Leader of Government Business in the Senate Kamina Johnson Smith piloted the bill, which was overhauled at the joint select committee stage and again saw considerable adjustments when it was debated in the House of Representatives.
In making far-reaching changes, Johnson Smith said that a number of things were considered, including internationally accepted best practices, changes that have taken place in the society, and the scale and characteristics of criminal conduct in Jamaica.
The sole amendment to the bill was an adjustment to the Clause 8.
The original version sets out what constitutes an offence when a defendant causes the removal of an electronic tracking device that is part of the arrangement for bail to be granted.

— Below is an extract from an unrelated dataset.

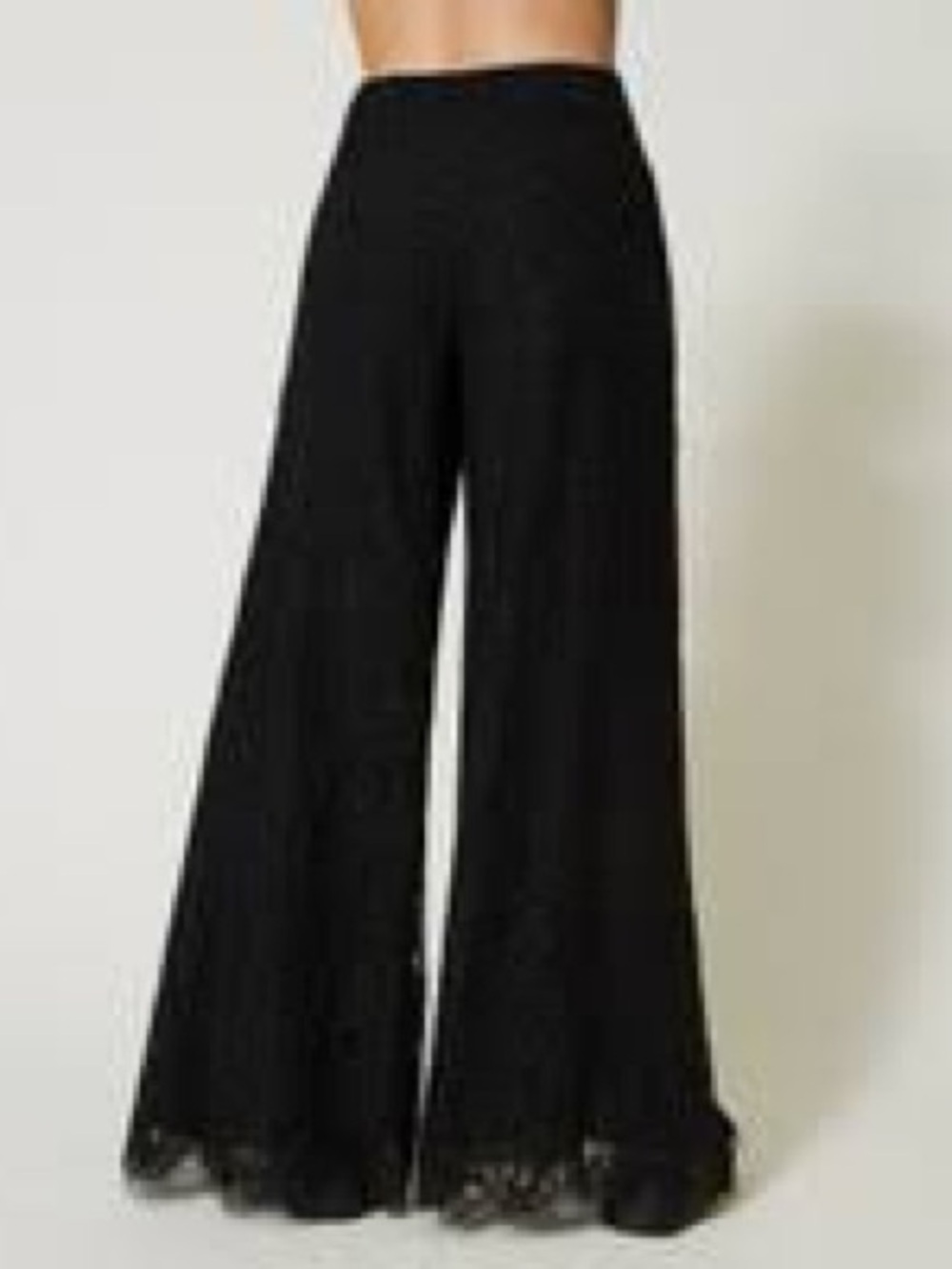 Wide-Leg Black Lace-Hem Pants 1189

However, the clause was expanded to state that a defendant who, without lawful excuse, removes an electronic tracking device or causes the removal of an electronic tracking device or the impairment of any function of an electronic device, contrary to a requirement imposed on that defendant, commits an offence.
The punishment for breaching this provision upon summary conviction before a parish court is a fine not exceeding $1 million or to imprisonment for a term not exceeding one year, or both the fine and prison term.
The Bail Act 2023 will, among other things, allow for the grant of bail at the pre-charge, post-charge and post-conviction stages in defined cases.
BILL HAS EVOLVED
Opposition Spokesperson on Justice Senator Donna Scott-Mottley noted that the bill had evolved significantly from where it started. She said that the Opposition had no intention of being contentious over the proposed law.
When the bill was first debated in the Lower House, the Opposition called for changes to aspects of the legislation and some adjustments were made.
“Crime becomes uglier and uglier every day, and the truth about it is that the society is becoming numbed by what happens, to the point where we no longer bawl out when a child is hurt or murdered; our women are slaughtered back to back, three in a week,” Scott-Mottley said.
She said that while the Opposition had some reservations on aspects of the bill, it made the decision to support the Government in its thrust to deal with the crime problem, which had almost become normalised in society.
“We have a duty because of how we feel about Jamaica and our feelings about this nation that sometimes we have to compromise on some things,” the opposition senator said.
The memorandum of objects and reasons of the bill states that a decision has been taken to enact legislation to repeal and replace the Bail Act, having regard to the fact that the existing law was enacted prior to amendments to the fundamental rights and freedoms provisions contained in Chapter III of the Constitution of Jamaica.
It also highlights a need for new provisions to address circumstances peculiar to Jamaica, and the need for greater clarity in certain provisions of the existing law.